*SOURCE RECORDS:*
· · ·
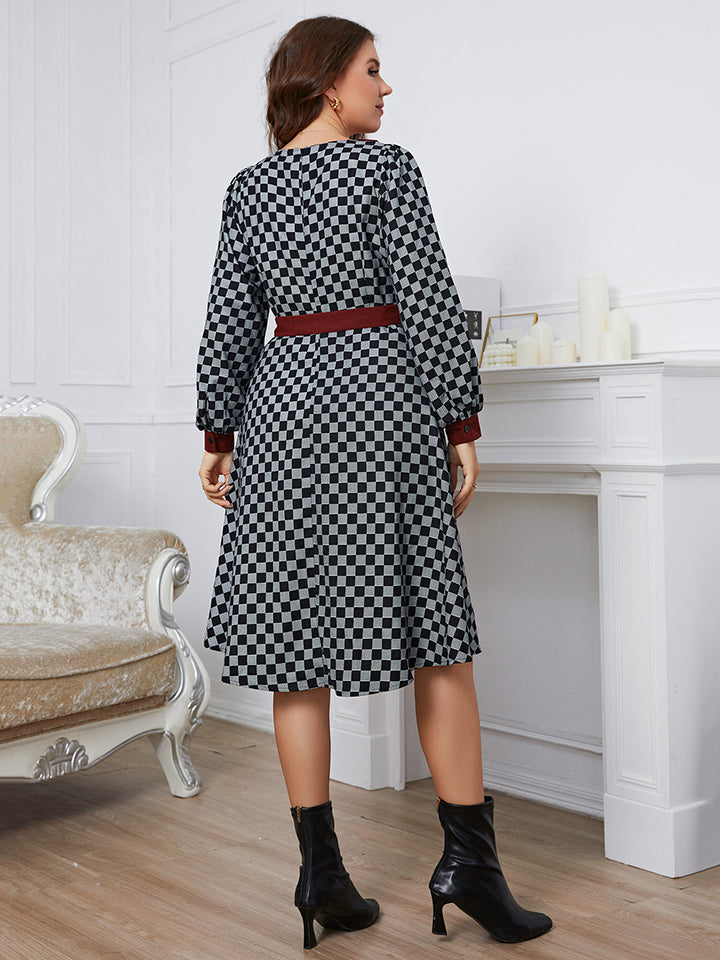 Plus Size Plaid V-Neck Long Sleeve Dress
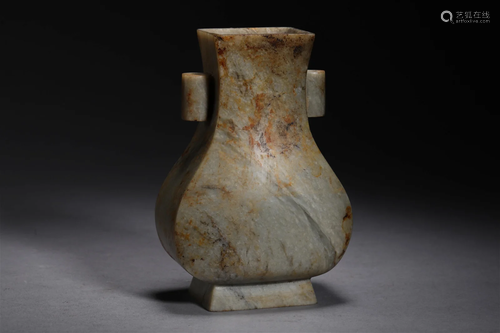 Jade vase of Ming Dynasty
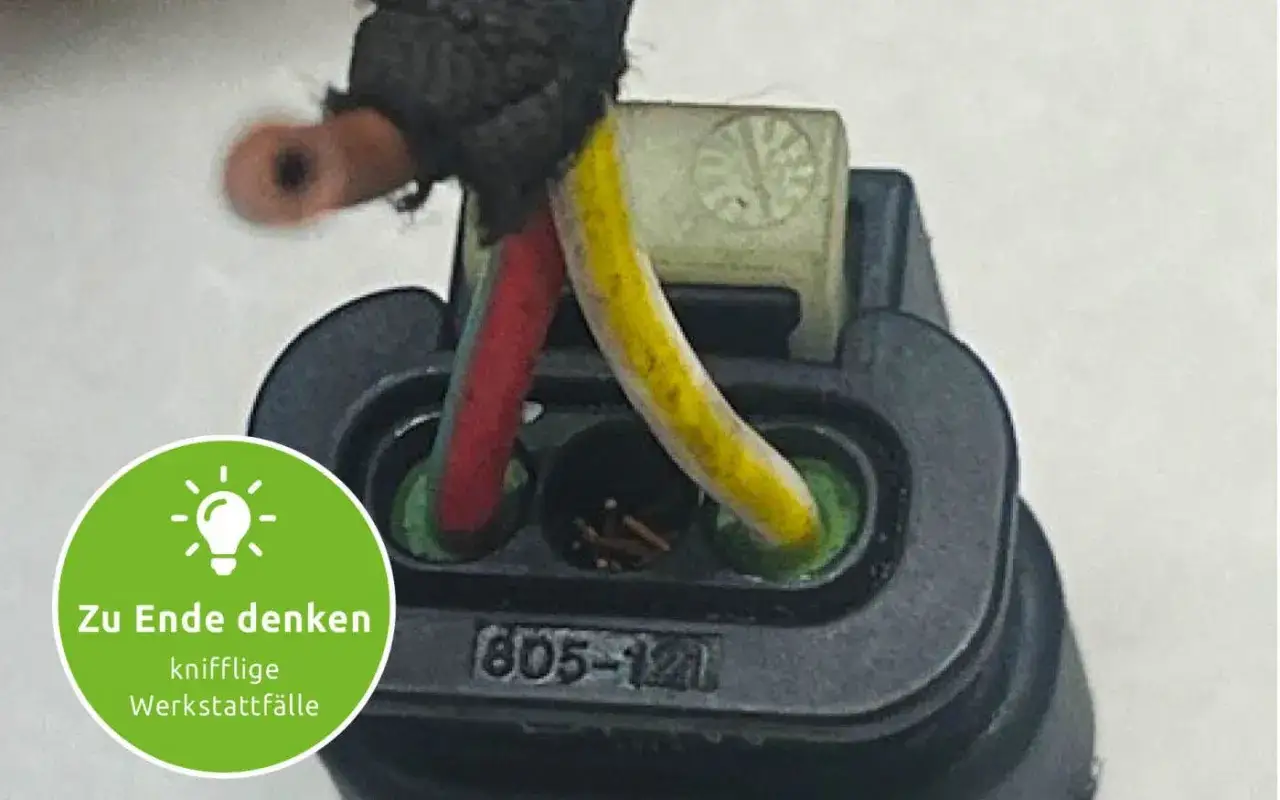 VW p0303: Rote und gelbe Kabel in einem Stecker, der auf eine knifflige Werkstattfall hindeutet.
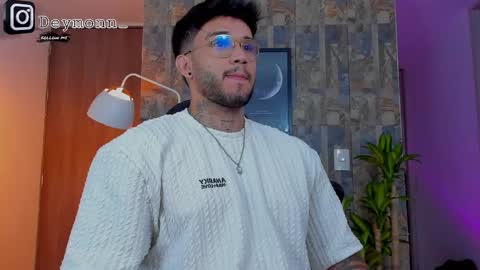 JULIAN online show from October 1, 8:48 pm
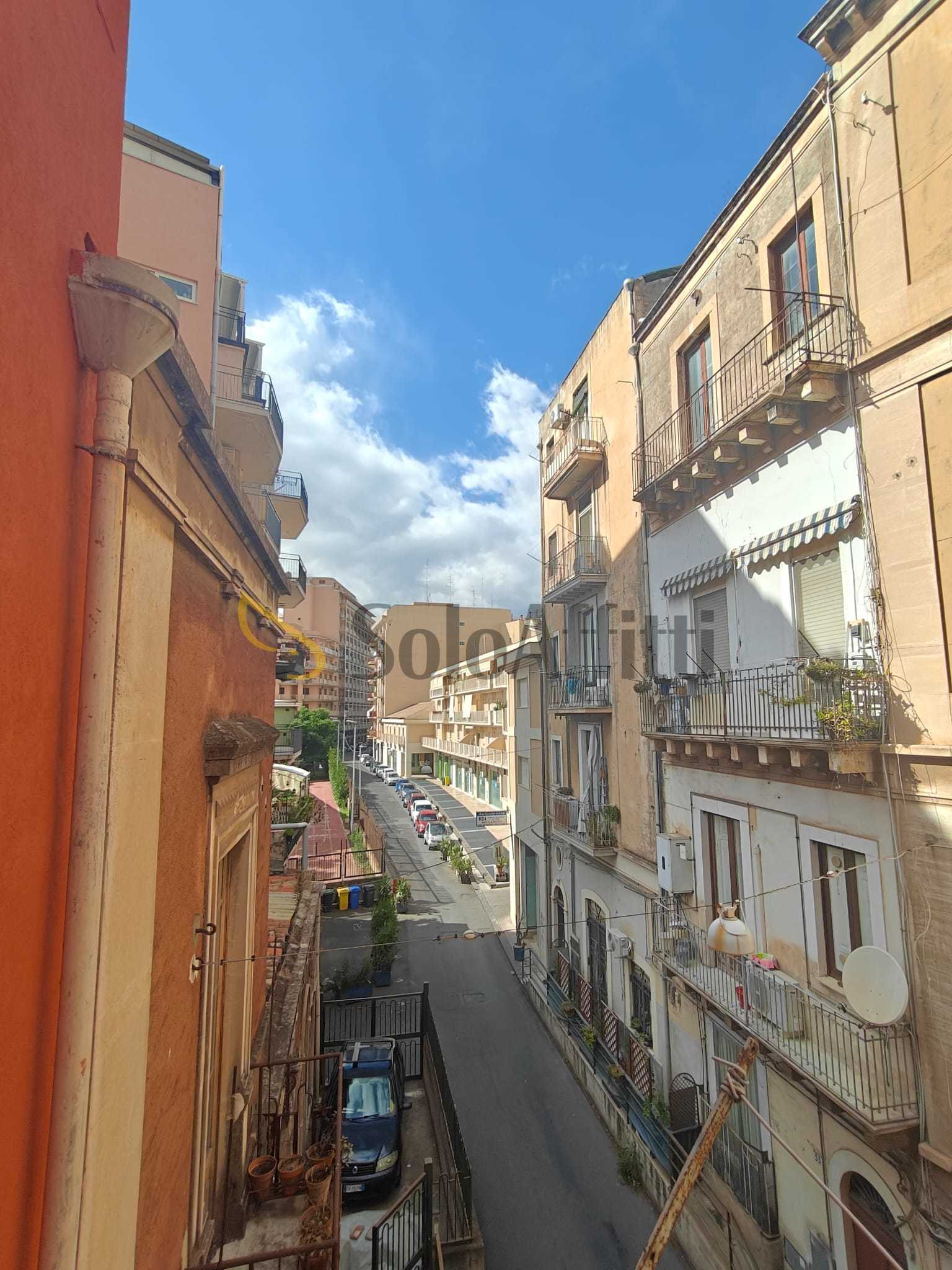 Immagine 13 di Stanza singola in affitto  a Catania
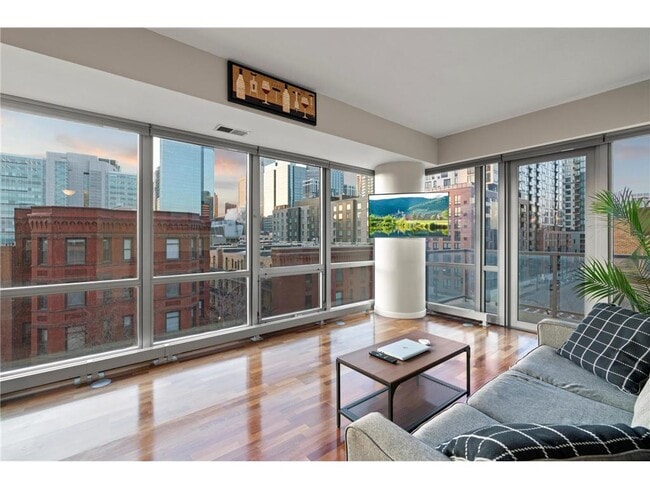 Building Photo - 929 Portland Ave Unit 401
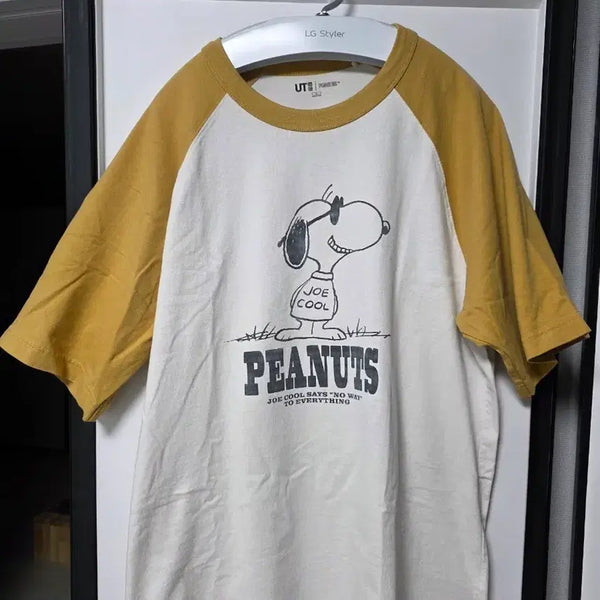 [BUNJANG] Uniqlo UT Snoopy Raglan Short Sleeve T-Shirt / UT 유니클로 스누피 라글란 반팔 티셔츠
· · ·
*ASSIGNMENT:*
If a record holds a picture, leave the picture out and transcribe everything else exactly.

*SOLUTION TO THE PROBLEM:*
 Plus Size Plaid V-Neck Long Sleeve Dress
 Jade vase of Ming Dynasty
 VW p0303: Rote und gelbe Kabel in einem Stecker, der auf eine knifflige Werkstattfall hindeutet.
 JULIAN online show from October 1, 8:48 pm
 Immagine 13 di Stanza singola in affitto  a Catania
 Building Photo - 929 Portland Ave Unit 401
 [BUNJANG] Uniqlo UT Snoopy Raglan Short Sleeve T-Shirt / UT 유니클로 스누피 라글란 반팔 티셔츠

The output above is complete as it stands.